GovXS’s Evaluation Framework is designed to evaluate retro funding voting systems. It enables the analysis of voting designs and helps communities achieve their prioritized design goals by identifying optimal voting rules. The framework applies both axiomatic analysis and agent-based simulations to ensure comprehensive evaluation.
GovXS’s resources provided for retro funding voting design evaluation include:
GovXS Presents: Evaluating Voting Designs for Optimism Retro Funding (Workshop with Optimism Badgeholders)
GovXS Evaluating-Voting-Design-Tradeoffs-for-Retro-Funding (Open-source simulation framework to measure how different voting designs perform against several typical retro funding design goals)
A Social Choice Analysis of Retroactive Funding (Formal Description)
Retro Funding, as a key mechanism of the Optimism Collective, relies on voter assessments to distribute funding to projects that create positive impact for the ecosystem. With over 60 million OP tokens already distributed and 850M OP dedicated in total ($1.36B by the time of writing), a significant amount is at stake.
This article serves as Part 3 of GovXS's results report for Optimism Retro Funding, focusing on the risks posed by malicious behavior and the vulnerabilities within the system. We evaluate and compare four voting rules to assess how resilient these designs are against potential attacks. Our analysis asks critical questions: How resistant are these voting designs to malicious behavior, and what steps can be taken to improve the security and fairness of Retro Funding moving forward?
GovXS evaluated the following voting designs applied in Optimism Retro Funding Rounds 1-4.
Round 1 (R1 Quadratic Voting): For Round 1, Optimism implemented Quadratic Voting, allowing voters to allocate tokens with increasing costs to cast multiple votes.
Round 2 (R2 Mean): For the second round, the funding allocation was determined by averaging the votes across all participants, applying the Mean Rule.
Round 3 (R3 Quorum Median): In the third round, a minimum vote and token threshold were introduced, with the Normalized Median rule to reduce the influence of outlier votes.
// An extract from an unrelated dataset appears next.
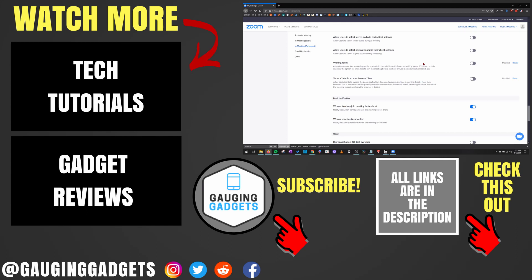If you have any questions about this, leave a comment below. I'll get back to you as soon as I can. If you'd like to see more Zoom tutorial videos, check the links in the description. If this video helped you, give it a thumbs up and please consider subscribing to my channel Gauging Gadgets for more gadget reviews and tech tutorials. Thank you so much for watching.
Only projects that met a minimum number of votes and funding were considered.
Round 4 (R4 Capped Median): For Round 4, Optimism introduced the Impact Metric Score, where voters prioritized KPIs rather than direct funding allocations. Projects submitted KPI data to validate their achievements, and funding was distributed based on voter preferences using the Normalized Median, with caps on allocations and redistribution of overflow funds. For better comparison, GovXS includes a version that skips calculating the Score based on Impact Metric Share.
The formal specification of all voting rules in the evaluation is available here.
To assess the "Resistance to Malicious Behavior" design goal, GovXS established five key metrics:
- The evaluation yielded the following insights:
Quadratic Voting proves to be the most resistant to attacks tested.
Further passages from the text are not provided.